Content starts

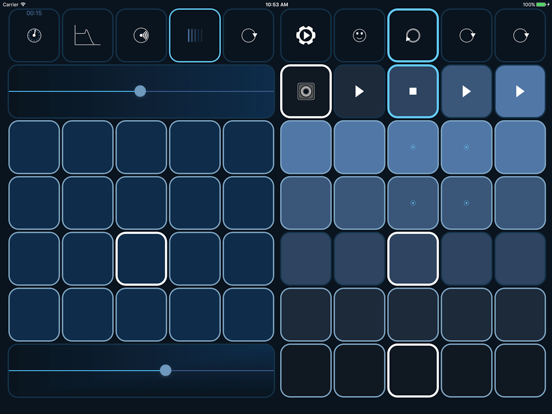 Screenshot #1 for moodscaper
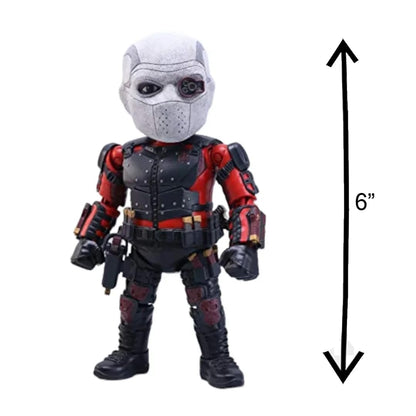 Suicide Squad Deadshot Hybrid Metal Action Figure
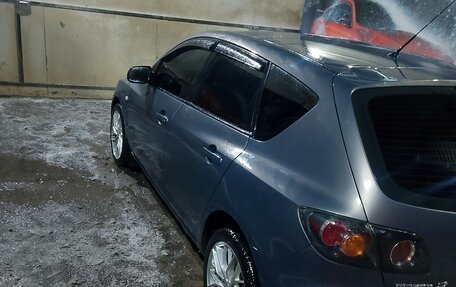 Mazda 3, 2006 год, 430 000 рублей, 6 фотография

Content ends

• [What is required] Skipping the pictures, transcribe each line above exactly as it appears.

• [Written reply]
 Screenshot #1 for moodscaper
 Suicide Squad Deadshot Hybrid Metal Action Figure
 Mazda 3, 2006 год, 430 000 рублей, 6 фотография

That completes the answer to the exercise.